Exacerbating this problem is the fact that not only are more women graduating with degrees, fewer men are. The percent of men getting a Bachelor's or better had been in decline since the mid 1970's and the percent of women has been rising. IIRC, around 1992 was when the crossover happened and there was a brief moment of parity. If the trend continues at the same rate, the last man will graduate from college in 2065. This... probably wont actually happen.  Some kind of crash is bound to upset or at least slow the trend, but it gives you an idea where things could be headed. Having a few generations of frustrated, unemployed/undereducated men sitting around with little chance to ever start a family is not the best for a stable society. Either way, something will give out.


----------



## dwesterny (May 21, 2016)

Crash? No, it will just hit a point of stasis and eventually it will shift again when things change (cost of college etc...) 

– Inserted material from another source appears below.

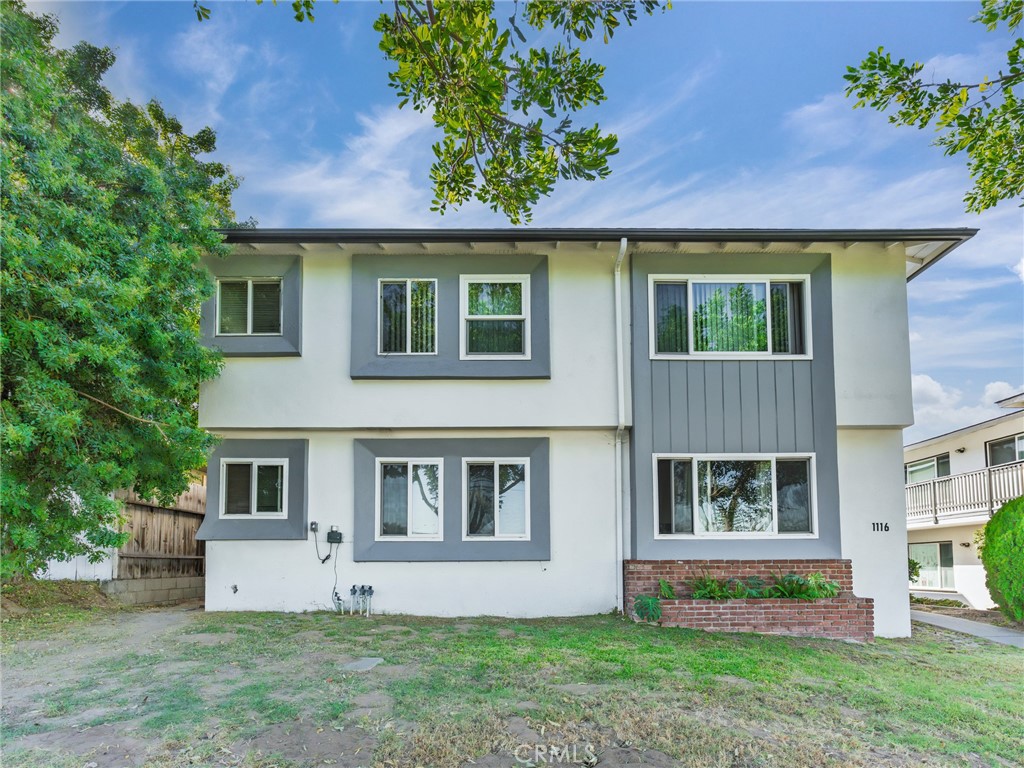 1116 E Imperial Avenue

I don't see a problem with any of this, it's human nature. As far as causes of economic inequality I would put people marrying within their own income bracket about as low as you can get and the parity between partners probably makes things more stable in the relationship.

The only real difference is we are moving away from an inherent power differential favoring males in relationships.

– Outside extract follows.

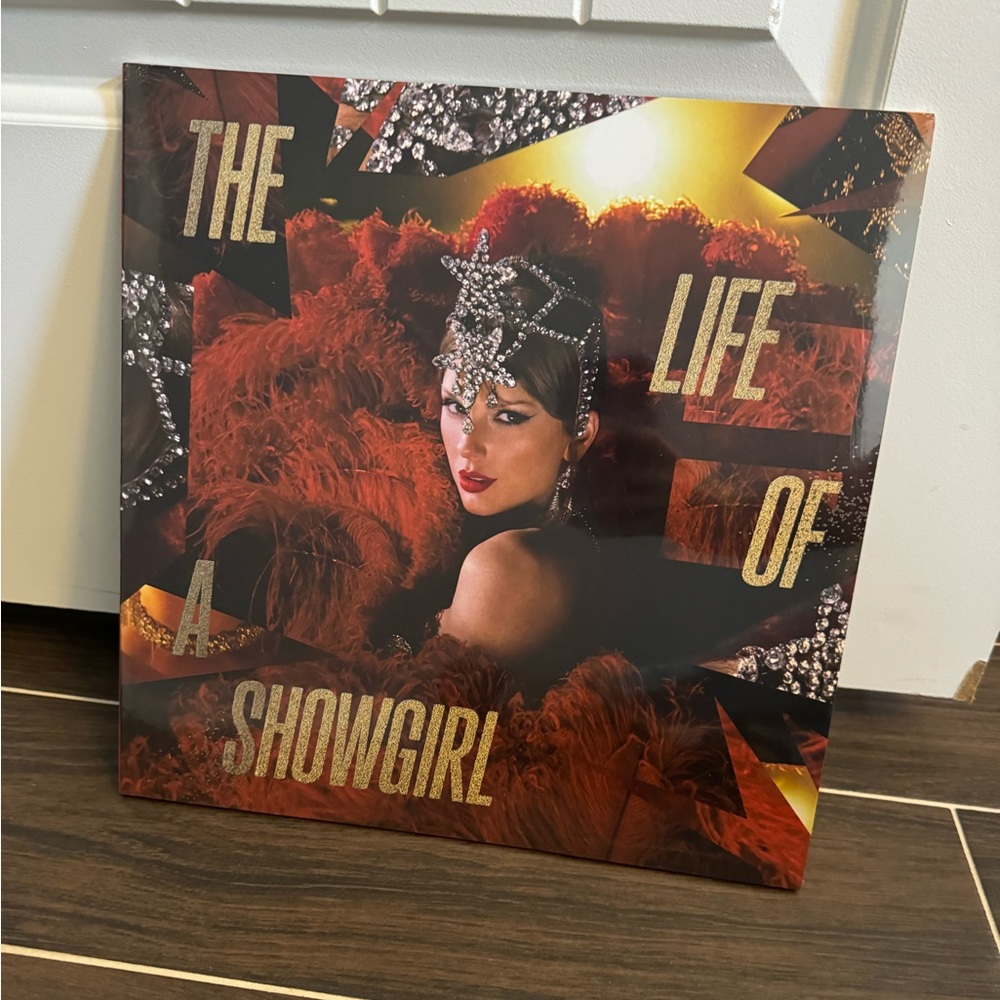 🦋 The Life of a Showgirl Vinyl Tiny Bubbles in Champagne edition bright lights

At least you're not a single male in China. Those dudes are screwed, the one child policy plus the cultural preference for male children led to a generation where men outnumber women significantly.


----------



## bigmac (May 21, 2016)

tankyguy said:


> ... Having a few generations of frustrated, unemployed/undereducated men sitting around with little chance to ever start a family *is not the best for a stable society*. Either way, something will give out.



Yes!!! Exactly!!!

Promise frustrated men seventy two virgins or a wall to keep out their supposed enemies and there's no telling what some of them will do.


----------



## bigmac (May 21, 2016)

Xyantha Reborn said:


> ... no female I know uses Tinder or other apps to meet 'the one'. Those are basically fuck buddy sites. ...

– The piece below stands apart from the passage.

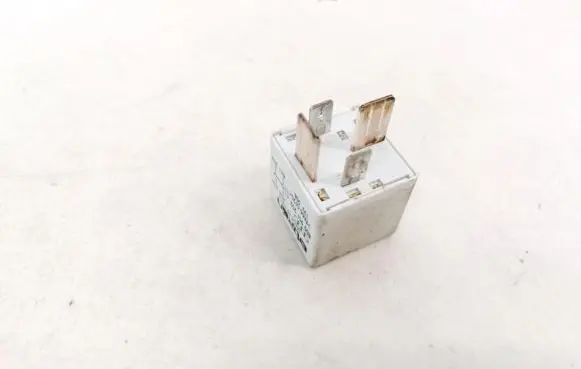 Audi A6 S6 C5 4B Other relay 8D0951253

Yes, but it is the rise of the "fuck buddy" that is having social impacts. We're a social species that uses sexual interaction to reinforce social bonds. Serial monogamy or casual dating likely strengthen social bonds. However, if women just hookup with the best looking guy available most men are shut out. This ineffective allocation of sexual resources undermines society.


----------



## tankyguy (May 21, 2016)

bigmac said:


> However, if women just hookup with the best looking guy available most men are shut out. This ineffective allocation of sexual resources undermines society.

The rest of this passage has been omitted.